How To Create N-Gram Language Model and FST files?
==================================================

							December, 2002
							Philip Kwok
Purpose
-------

Sphinx 4 supports N-Gram language models, as well as FSTs. This document
describes the process of creating N-Gram language model files and FST files.
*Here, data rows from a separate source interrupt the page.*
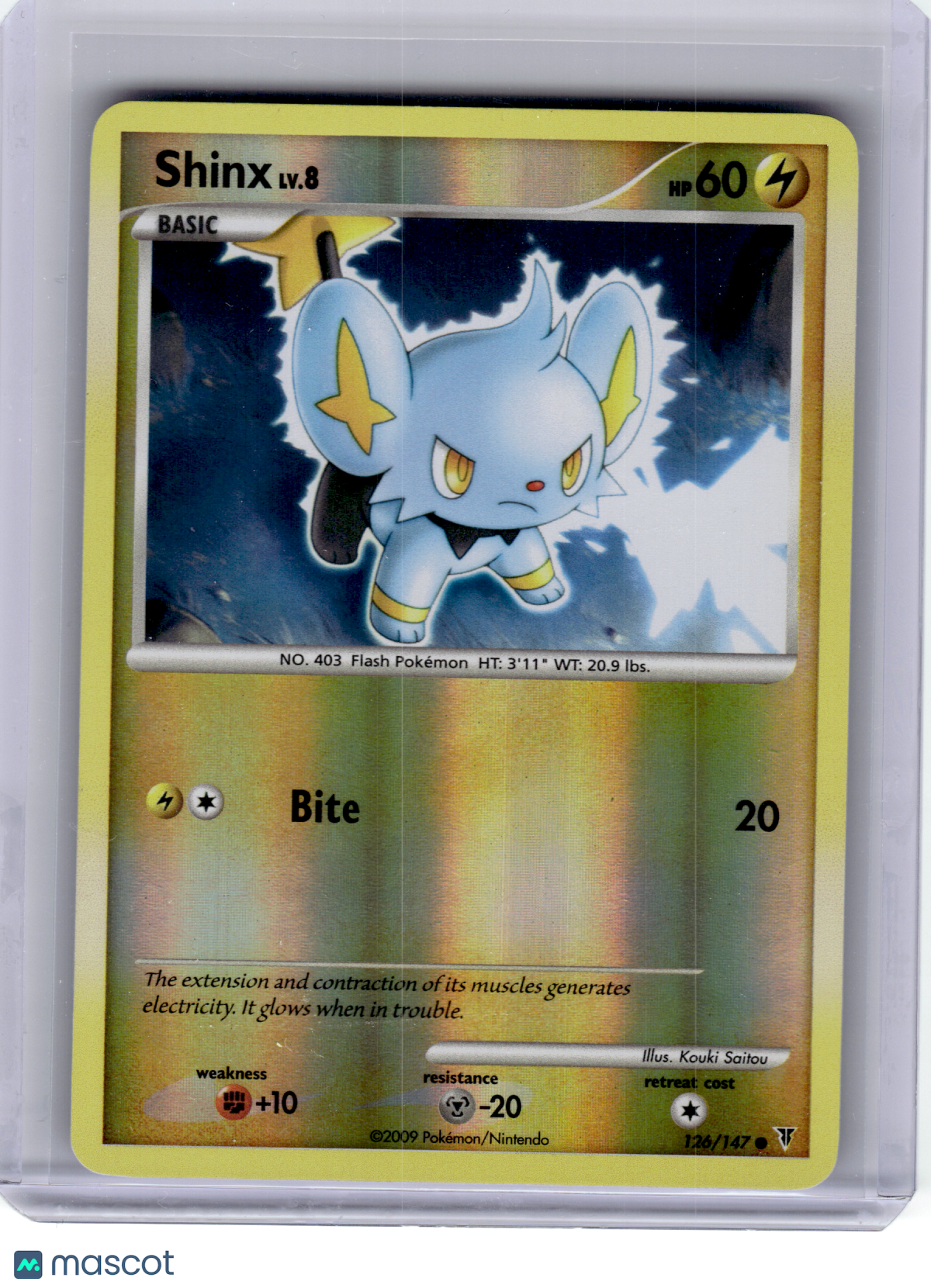 2009 Pokemon—Shinx #126 Supreme Victors—Common Reverse Holo [Lightly Played]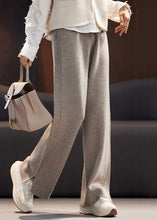 Load image into Gallery viewer, Loose Apricot Pockets Elastic Waist Woolen Pants Spring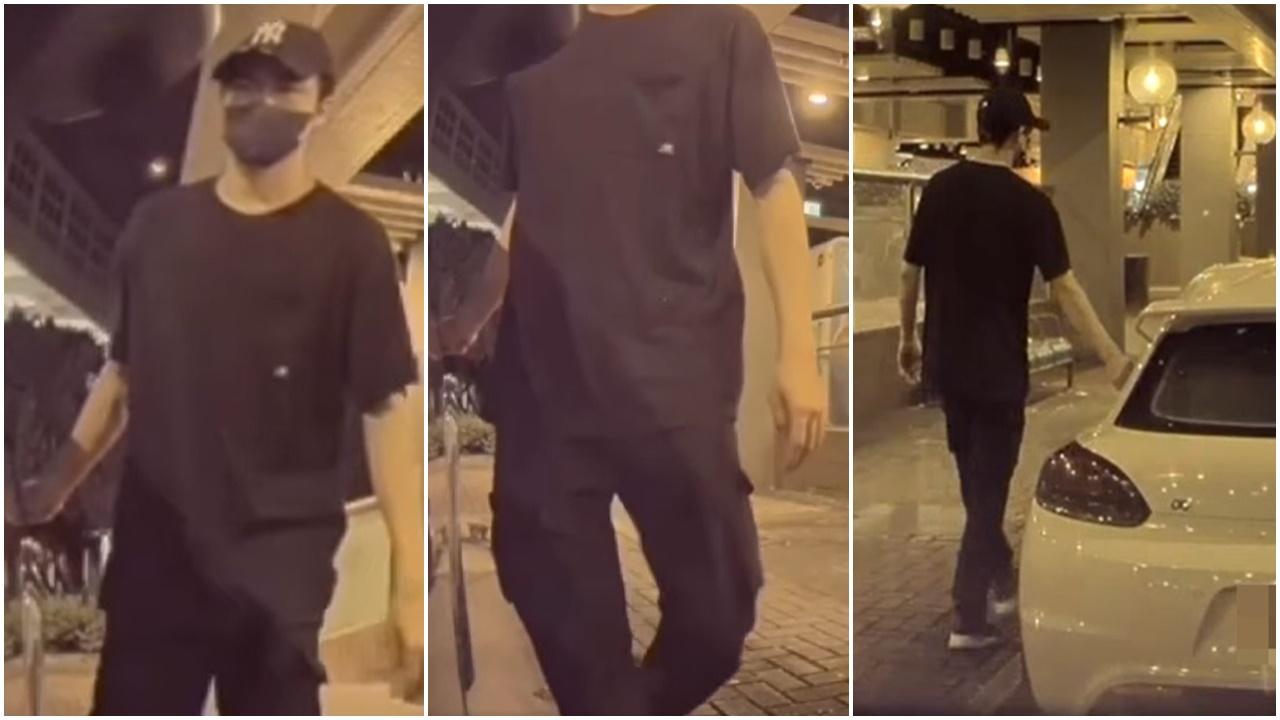 天水圍破壞王連環鎅車上鏡，網民：仇富。(車cam L@FB)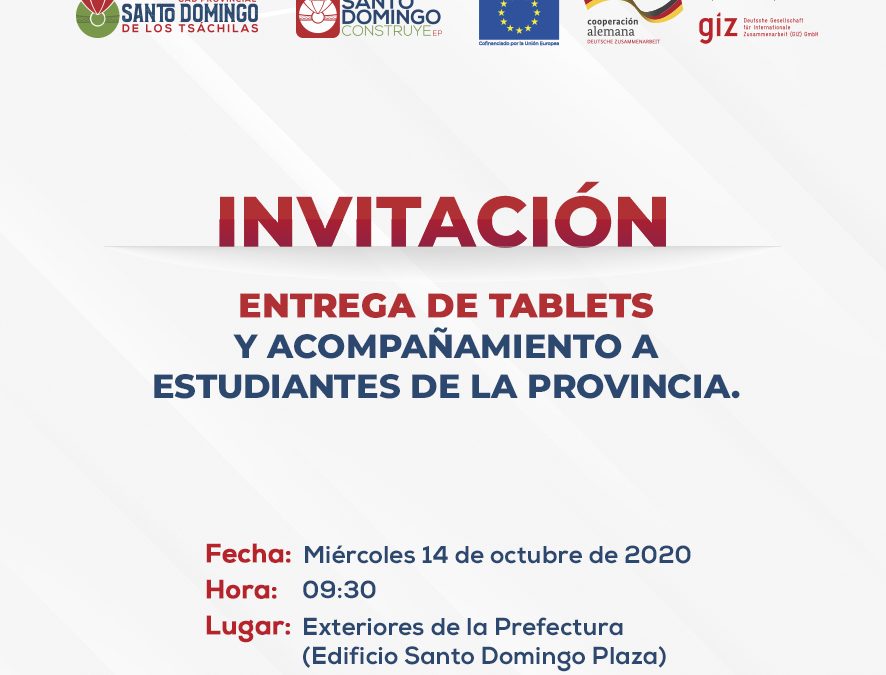 INVITACIÓN ENTREGA DE TABLETS NIÑOS SECTOR RURAL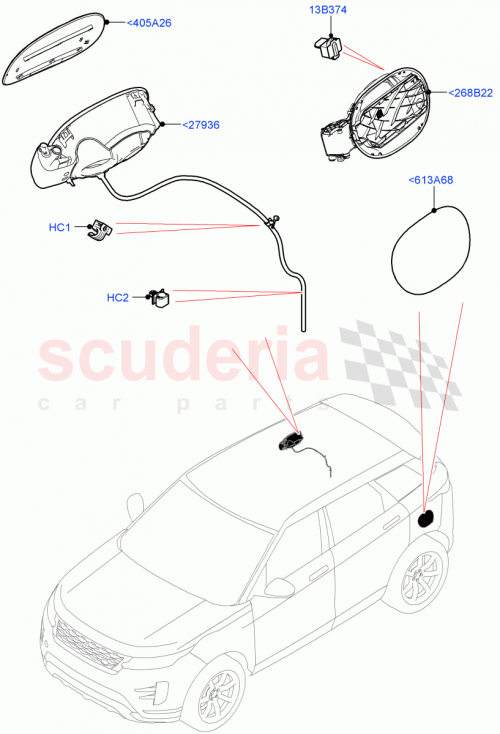Part Diagram for Land Rover LR148922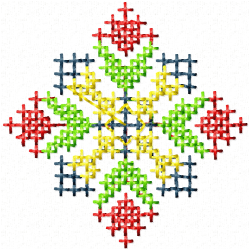 Cross Stitches Embroidery Design 9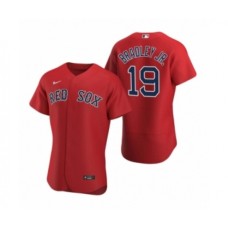 Men's Boston Red Sox #19 Jackie Bradley Jr. Nike Red Authentic 2020 Alternate Stitched Jersey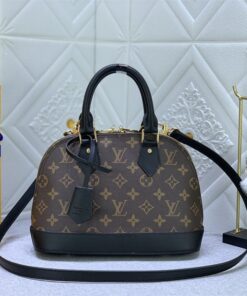 Monogram Macassar Alma BB Bag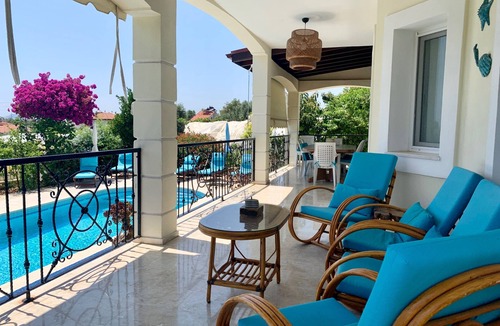 Fethiye Villa | Villa Ruya-PrivatePool-SeaView-GamesRoom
Creating N-Gram Language Model
------------------------------

We use the "CMU-Cambridge Statistical Language Modeling Tookit v2" to
create N-Gram language models. It can be found at:

/lab/speech/ThirdPartySoftware/CMU-Cam_Toolkit_v2

Specifically, we use the following binaries:

bin/text2wfreq
bin/wfreq2vocab
bin/text2idngram
bin/idngram2lm

Suppose that our corpus is called "simple.txt", with the following contents:

<s> one two three two one two one three two </s>

IMPORTANT: Each sentence in the corpus MUST begin with <s> and end with </s>.
Otherwise, the MIT FST tools will crash!

This is the series of step to obtain the N-Gram language 
model file (simple.arpa, in ascii format):

cat simple.txt | text2wfreq > simple.wfreq
cat simple.wfreq | wfreq2vocab > simple.vocab
cat simple.txt | text2idngram -vocab simple.vocab > simple.idngram
idngram2lm -idngram simple.idngram -vocab simple.vocab -arpa simple.arpa


Creating the FST
----------------

We use the MIT FST tools to convert the N-Gram LM to FST. The tools
are currently located under Rita's directory on mangueira:

/usr0/rsingh

The MIT FST tools take an N-Gram LM file in ascii format. 
This is why we specified the "-arpa" format in "idngram2lm" instead of
"-binary".

To convert from LM to FST:

/usr0/rsingh/ngram_fst -n 3 simple.arpa simple.fst

This creates the binary simple.fst. To convert to ASCII:

/usr0/rsingh/fst_ascii simple.fst simple.fst.ascii

which creates the ASCII FST.


			--- END OF DOCUMENT ---